Don’t get me wrong – the appeal of the hinterlands hasn’t diminished. Not a bit. Not even the potlucks. In fact, whenever the country is directly compared to the city it is like comparing Shangri-la to Calcutta’s sewers. Looking at them that way makes the choice or the decision easy. For anything.
But the pressures are still there. They are subtle, though. They are indirect. They are unhealthy. They are wrong. And they are sneaky. But they are damned effective. Let me explain…………
The ferry system (for instance) doesn’t directly serve the urban communities (for the typical young urban Vancouverite in the west end or Yaletown, they may use the ferry for infrequent summer time recreational purposes or even less). BC Ferries, by original design and annual usage, mostly serves the gulf and Vancouver island communities. And the ferry system is not working very well due to lack of funds and proper management focus (they forgot who their main customer was).

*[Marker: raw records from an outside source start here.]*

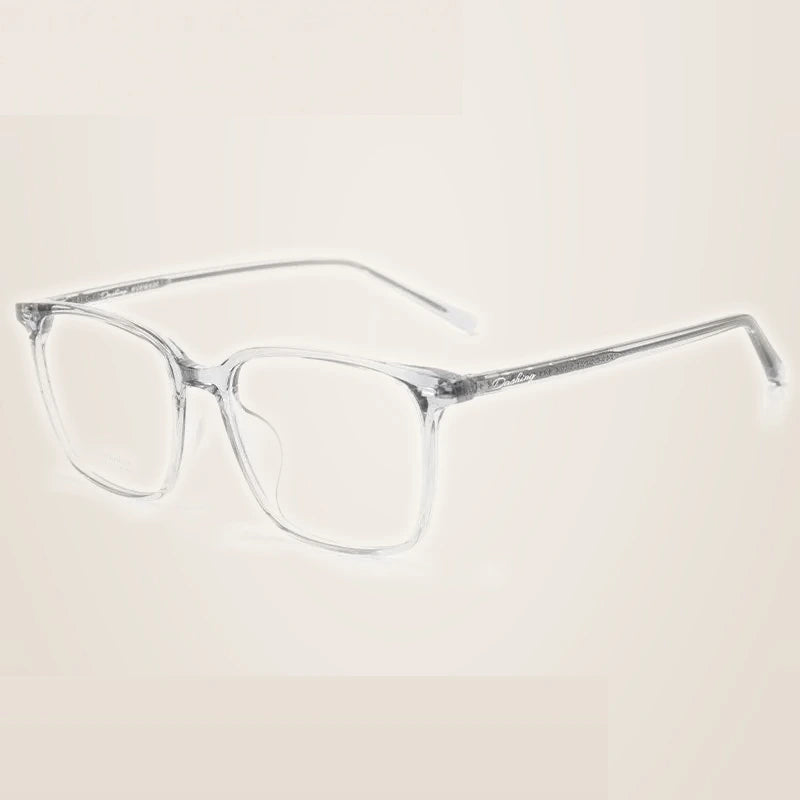 Summer Flower Unisex Full Rim Square Tr 90 Titanium Eyeglasses 611038 - Transparent Gray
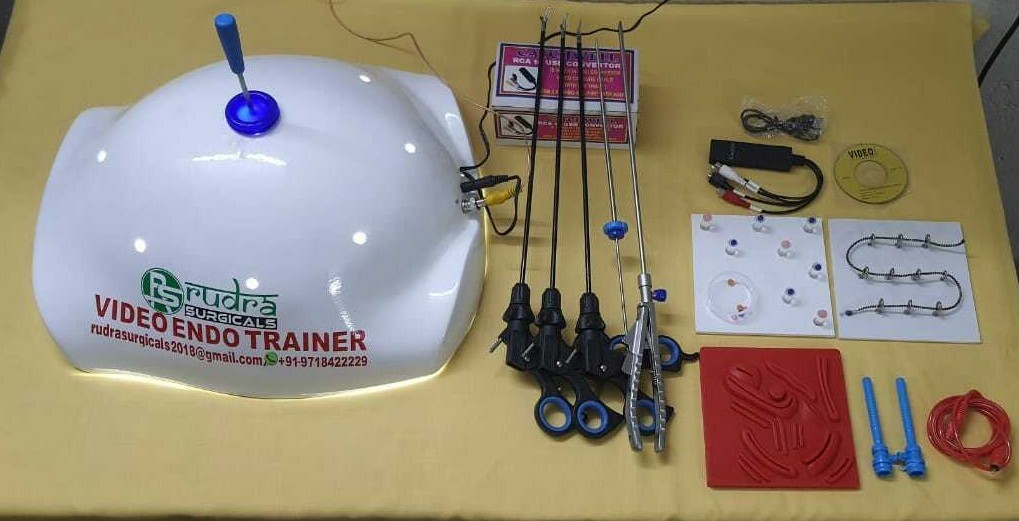 Laparoscopic Pelvic Trainer Abdomen Shape Reusable with 5 basic instruments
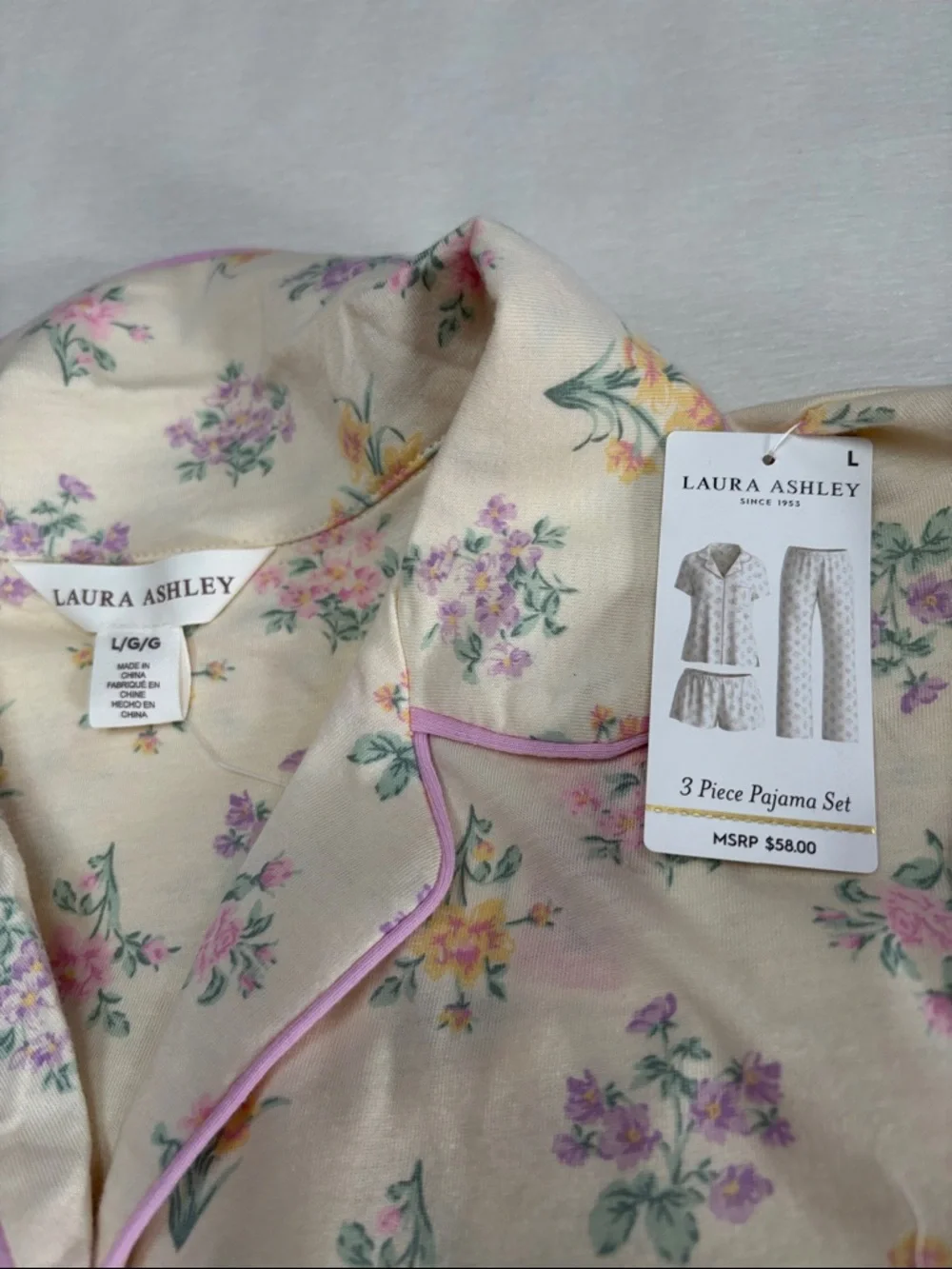 Laura Ashley Cotton Flower print Pajama Set - top, pants, shorts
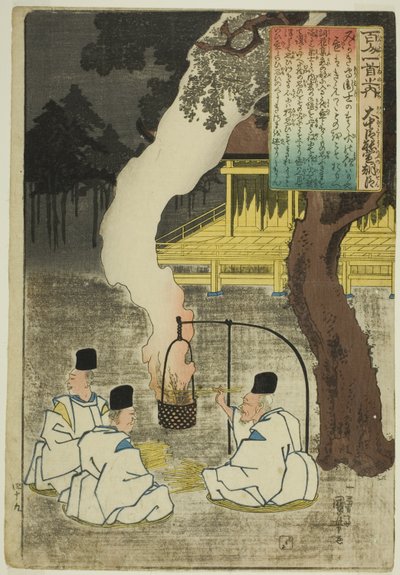 Onanatomi no Yoshinobu Ason, sarjasta "Yksi rahoitettu runo yhden rahoitetun runoilijan (Hyakunin Isshu no Uchi)" tekijältä Utagawa Kuniyoshi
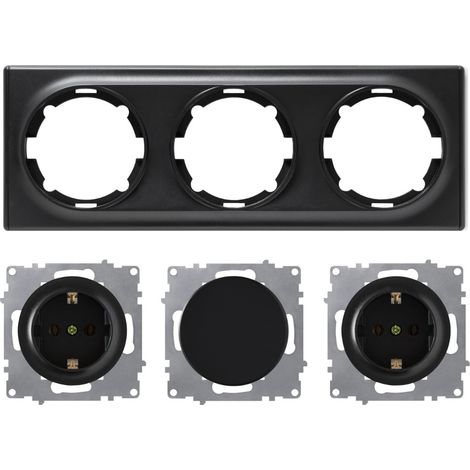 Plaque de finition 3 postes Florence + 2 Prises avec terre + 1 Interrupteur simple - noir (1/5)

The result: regular and especially gulf island-based ferry users are considerably more inconvenienced than their city counterparts. More than they originally bargained for anyway. Older and younger people experience even greater hardship due to costs and poor transit connections. Hardship = pressure. Pressure seeks relief. Relief = city living.
We are also taxed pretty highly out here. Especially when considering the dirth of services. Less services + higher costs = pressure. Pressure seeks relief. Relief = city living.
You can repeat that formula for just about everything from communication to food shopping, from doing business to visiting friends and family, from transportation to casting your vote. Living out here is hard and they purposefully make it harder.
“Ya know, this island thing is just too inconvenient. Plus we are getting older. Maybe we should move back to the city?” (my parents in the 70’s when they needed a bit more attention)
At some point almost everyone on an island entertains that thought at one time or another. The government does not support as much those who live rural compared to those who live urban. Period. Not by a long shot.
“Dave, you gettin’ wimpy on us?”
No. No! A thousand times no! In fact, it is the opposite of wimpiness I am talking about. I am suggesting facing the reality of it is all. I think we have to kick it up a notch to survive. Community-wise, I mean. And I don’t mean protesting. That is ‘old’. That is negative. It is not the constructive way to do it.
We off-the-gridders thought outside-the-box and then went one step further and got-outside-the-box. But the box is still a big influence and we may have to look away completely. Being outside and yet still looking in is not good enough. It generates protest but nothing else. We have to learn to build community out here. On our own terms. We have to have a blend of old (potluck dinners) and new (modernization projects, community projects, etc.). This is a lifestyle so utterly fanatstic that it should not be threatened in the least by such mudanities as ferry service or the price of gasoline, of government policies or services.
If we are truly independent then we are going to have to simply get more creative.
I am kinda lookin’ forward to it. But it is a bit of a challenge, don’t you think?